Transcribe every line below exactly; no image goes into the output.
(Beginning of Dataset extract)
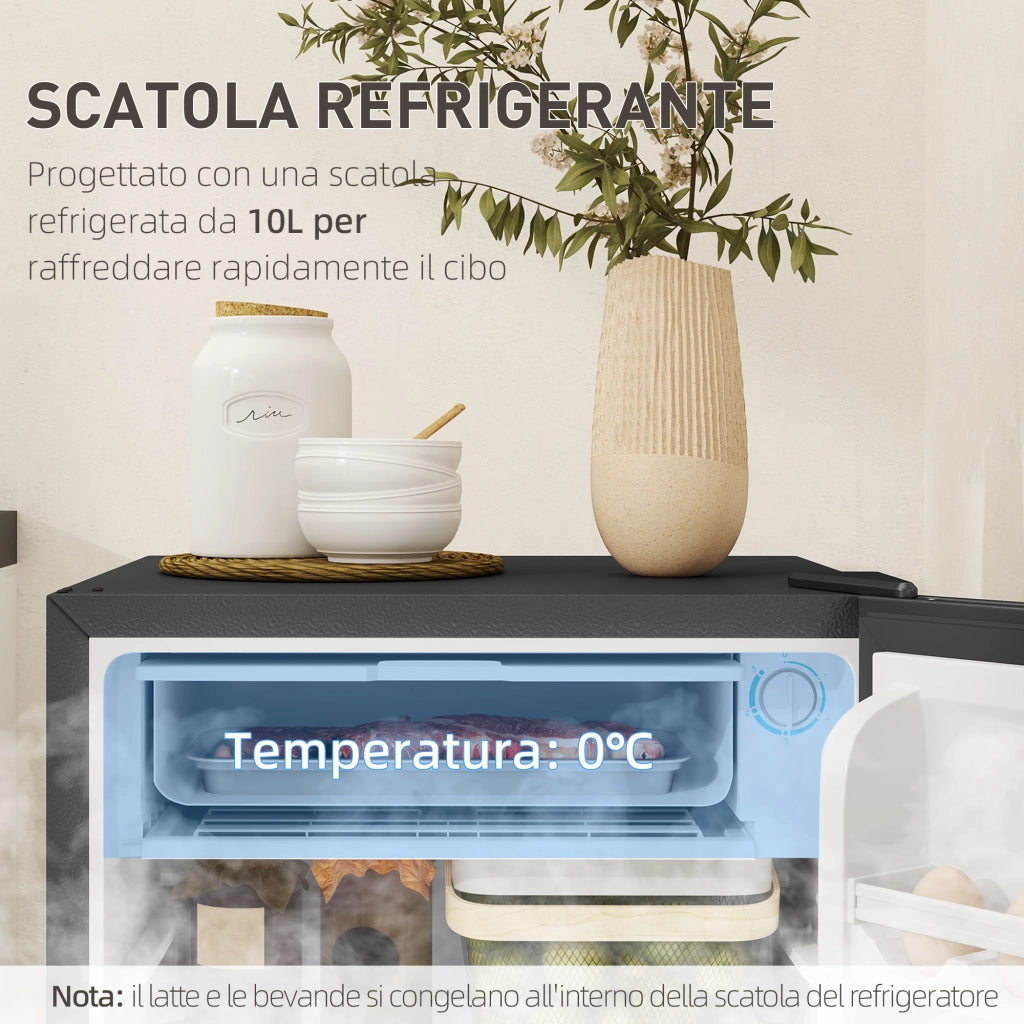 Frigorifero Piccolo da 91L con Termostato Regolabile, Ripiani Regolabili e Cassetto, Argento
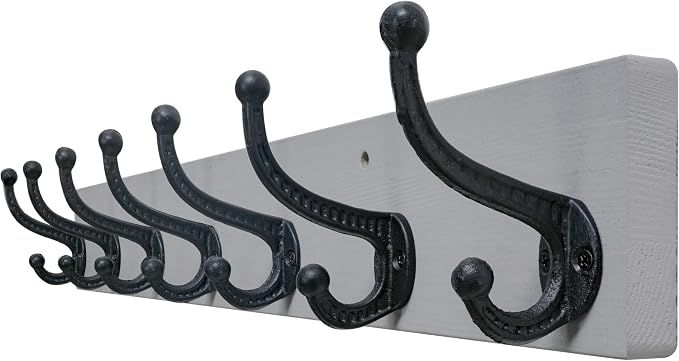 WEBI Rustic Coat Rack Wall Mount,30" Long 7 Cast Iron Coat Hooks Wall Mounted,Heavy Duty Wood Wall Coat Hanger Hooks for Hanging Coats,Jacket,Clothes,Backpack,Farmhouse,Gray
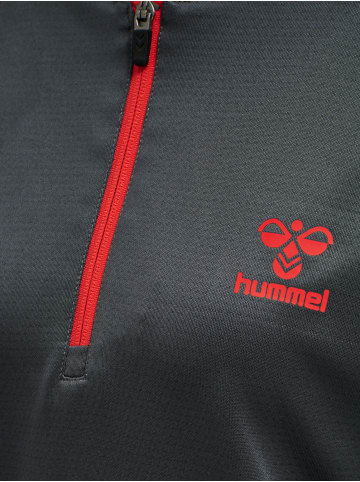 Hummel Halbreißverschluss Sweatshirt Hmlaction Multisport Damen in EBONY/FLAME SCARLET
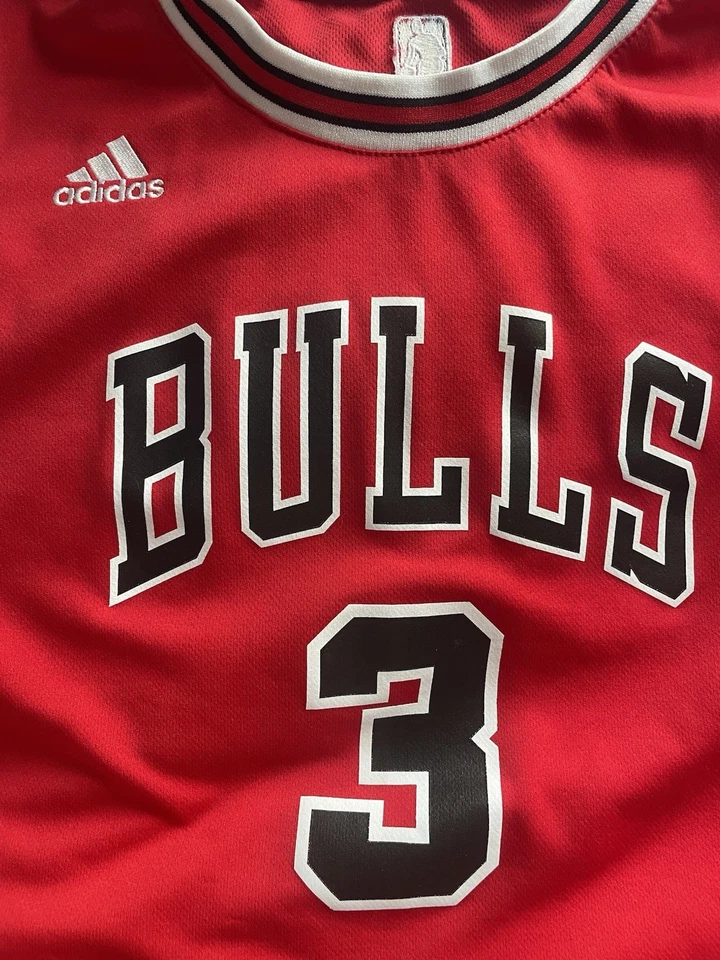 Camiseta deportiva de baloncesto Adidas Dwayne Wade Chicago Bulls NBA Swingman JUVENTUD grande Foto 2 de 4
(End of Dataset extract)
● Expected answer
 Frigorifero Piccolo da 91L con Termostato Regolabile, Ripiani Regolabili e Cassetto, Argento
 WEBI Rustic Coat Rack Wall Mount,30" Long 7 Cast Iron Coat Hooks Wall Mounted,Heavy Duty Wood Wall Coat Hanger Hooks for Hanging Coats,Jacket,Clothes,Backpack,Farmhouse,Gray
 Hummel Halbreißverschluss Sweatshirt Hmlaction Multisport Damen in EBONY/FLAME SCARLET
 Camiseta deportiva de baloncesto Adidas Dwayne Wade Chicago Bulls NBA Swingman JUVENTUD grande Foto 2 de 4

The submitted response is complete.